WORK TO COMPLETE –
Leaving out every picture, please repeat exactly the line that contains "this 1270×952 image." and each line after it through the final line below.

[[ SOURCE DATA, beginning ]]

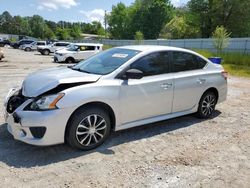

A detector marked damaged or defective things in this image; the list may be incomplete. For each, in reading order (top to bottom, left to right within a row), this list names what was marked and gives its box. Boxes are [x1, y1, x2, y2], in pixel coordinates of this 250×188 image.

damaged front bumper [4, 89, 73, 146]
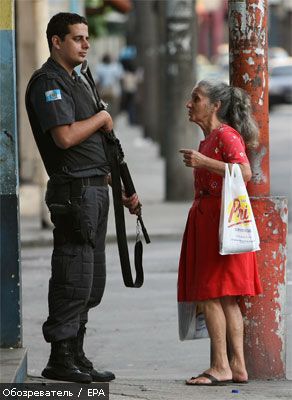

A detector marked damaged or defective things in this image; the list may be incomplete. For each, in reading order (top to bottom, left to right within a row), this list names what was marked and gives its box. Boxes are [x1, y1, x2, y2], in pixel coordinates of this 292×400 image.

peeling paint on pillar [229, 0, 270, 197]
peeling paint on pillar [240, 197, 288, 378]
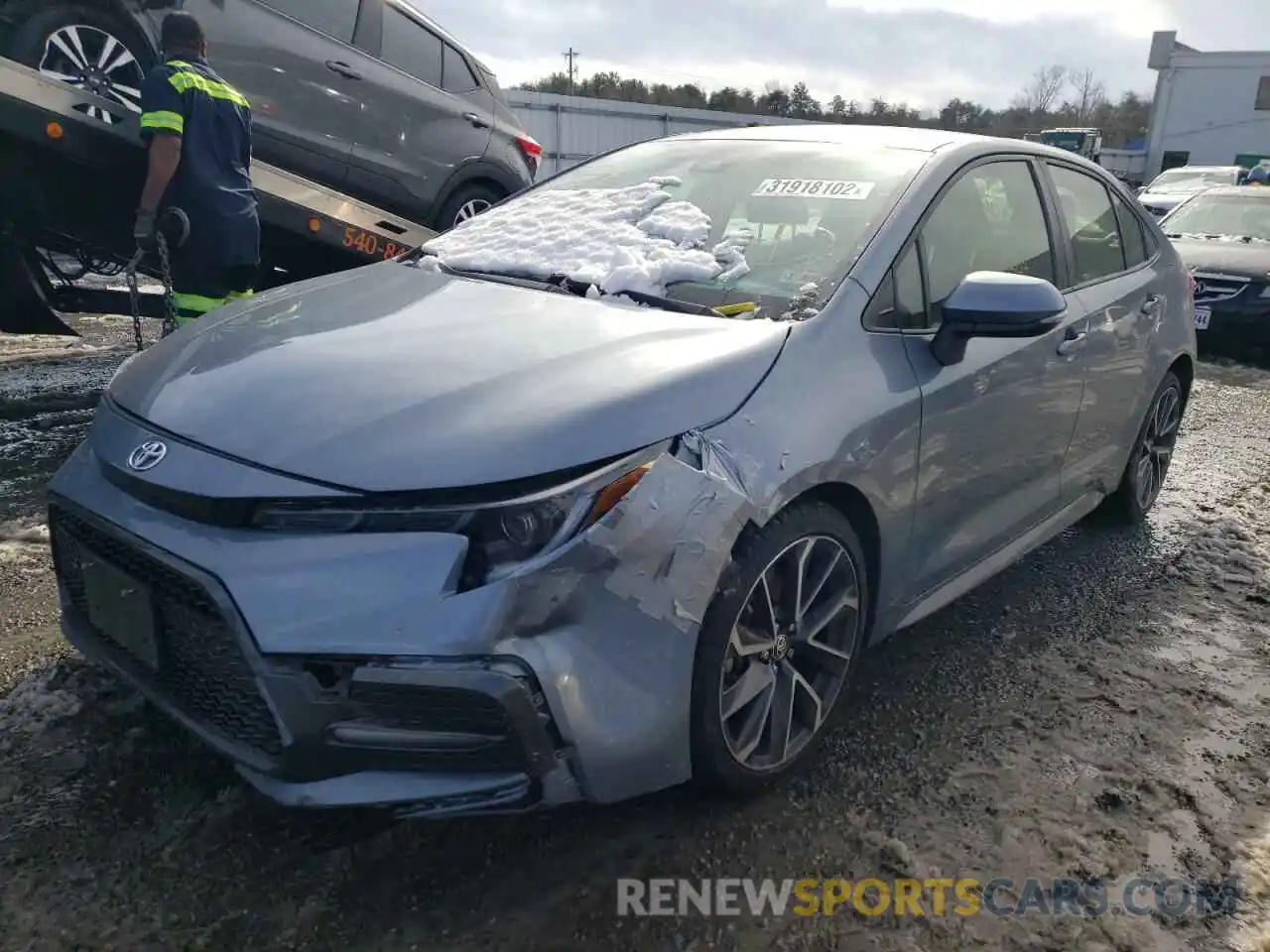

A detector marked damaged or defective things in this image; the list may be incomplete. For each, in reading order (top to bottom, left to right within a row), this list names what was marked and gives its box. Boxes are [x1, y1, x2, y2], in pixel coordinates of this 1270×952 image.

crumpled front bumper [47, 404, 751, 822]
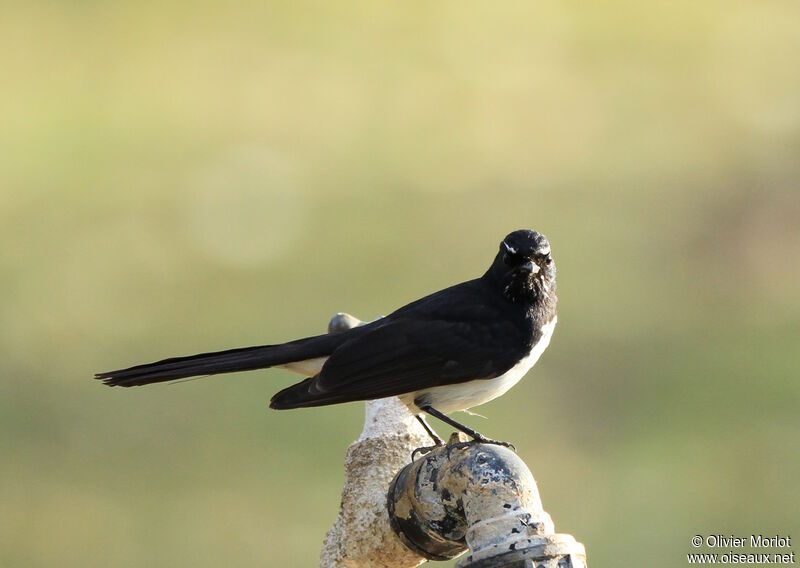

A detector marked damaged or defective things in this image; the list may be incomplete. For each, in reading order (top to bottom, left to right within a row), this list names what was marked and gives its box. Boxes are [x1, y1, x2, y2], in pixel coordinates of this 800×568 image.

rusty metal fitting [388, 432, 588, 564]
corroded metal [390, 432, 588, 564]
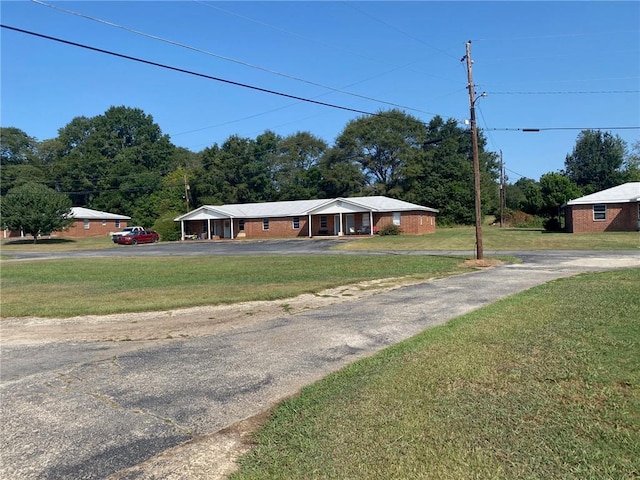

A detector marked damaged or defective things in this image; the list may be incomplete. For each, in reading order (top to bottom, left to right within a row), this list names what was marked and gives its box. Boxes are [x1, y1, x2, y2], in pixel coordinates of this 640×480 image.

cracked pavement [0, 249, 636, 478]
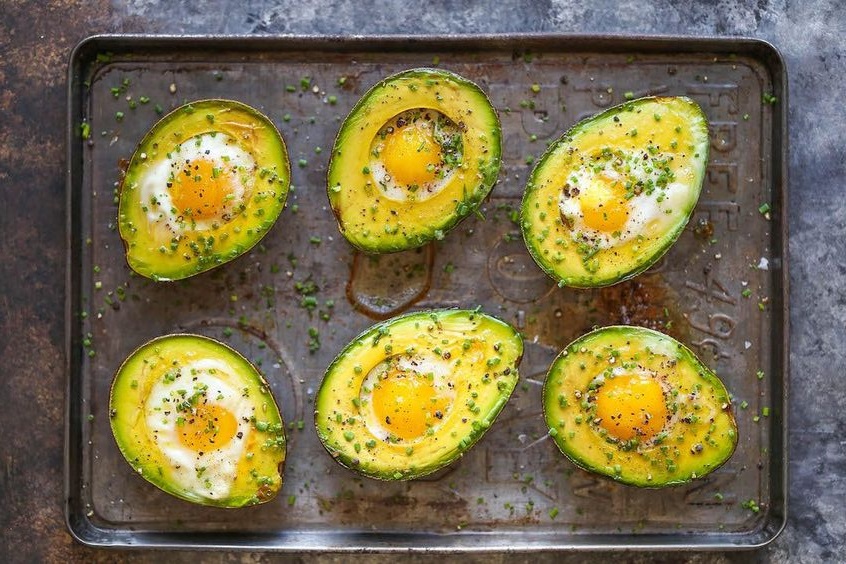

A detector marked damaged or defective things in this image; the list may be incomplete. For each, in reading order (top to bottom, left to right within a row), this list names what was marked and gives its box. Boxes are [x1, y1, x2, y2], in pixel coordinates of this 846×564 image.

rust-stained tray surface [64, 34, 788, 552]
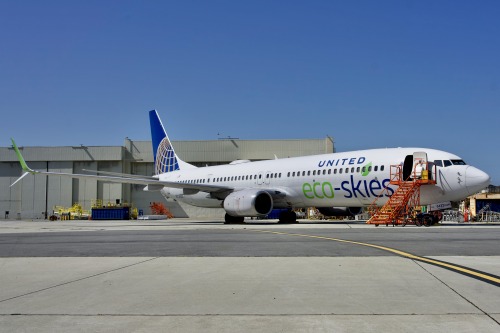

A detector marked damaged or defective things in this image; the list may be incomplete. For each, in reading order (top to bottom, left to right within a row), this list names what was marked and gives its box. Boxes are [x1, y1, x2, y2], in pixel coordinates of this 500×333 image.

pavement crack [0, 256, 159, 304]
pavement crack [412, 258, 498, 326]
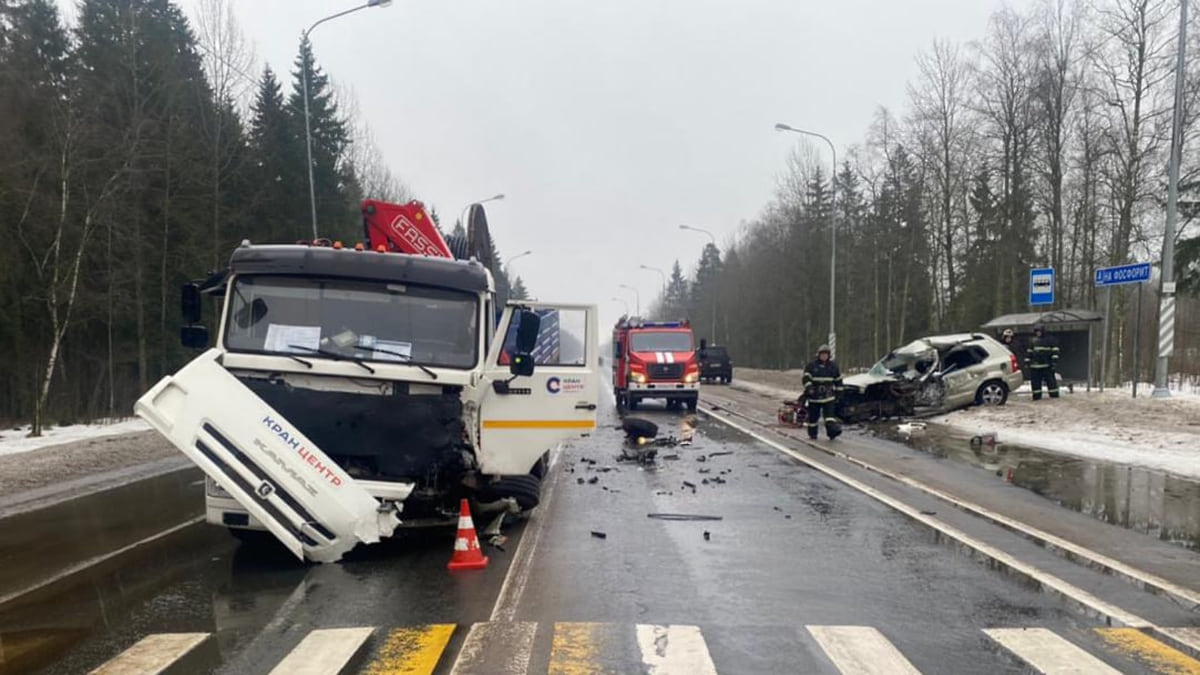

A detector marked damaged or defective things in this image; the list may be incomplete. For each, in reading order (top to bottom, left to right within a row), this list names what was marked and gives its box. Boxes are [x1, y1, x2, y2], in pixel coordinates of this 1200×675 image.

wrecked silver suv [835, 331, 1022, 420]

[[ SOURCE DATA, end ]]

OUTPUT FOR THIS EXERCISE –
A detector marked damaged or defective things in this image; the list may be incomplete. For each, in reading order (top to bottom, left to right within a row), this list names what was marked and gives its box. Boxes are [x1, y1, x2, y2], in pixel coordinates of this 1270×952 image.

crumpled front bumper [47, 404, 751, 822]

A detector marked damaged or defective things in this image; the list may be incomplete. For each, in reading order (top to bottom, left to right within a row), this list names what was marked and gives its box. Boxes are [x1, y1, x2, y2], in pixel coordinates of this 800×568 image.

rusty metal fitting [388, 432, 588, 564]
corroded metal [390, 432, 588, 564]

A detector marked damaged or defective things in this image; the list may be incomplete. For each, in reading order (top to bottom, left to right within a row), this list names what was marked and gives its box. Boxes are [x1, y1, x2, y2], in pixel coordinates of this 640×480 image.

cracked pavement [0, 249, 636, 478]

A detector marked damaged or defective things in this image; the list may be incomplete. For each, in reading order (top to bottom, left to right within a row), this list names what was marked and gives its box. Boxes are [x1, y1, x2, y2], in pixel coordinates of this 846×564 image.

rust-stained tray surface [64, 34, 788, 552]

A detector marked damaged or defective things in this image; the list may be incomplete. For each, in reading order (top to bottom, left to right within a row), this list names what was marked and gives its box. Boxes are [x1, y1, x2, y2], in pixel coordinates of this 500×333 image.

pavement crack [0, 256, 159, 304]
pavement crack [412, 258, 498, 326]

A detector marked damaged or defective things in this image; the list may be incomplete. For each, in reading order (top to bottom, left to right within a row), this list names what was marked and gives its box. Boxes are [x1, y1, x2, y2], in pixel coordinates of this 1200×675 image.

wrecked silver suv [835, 331, 1022, 420]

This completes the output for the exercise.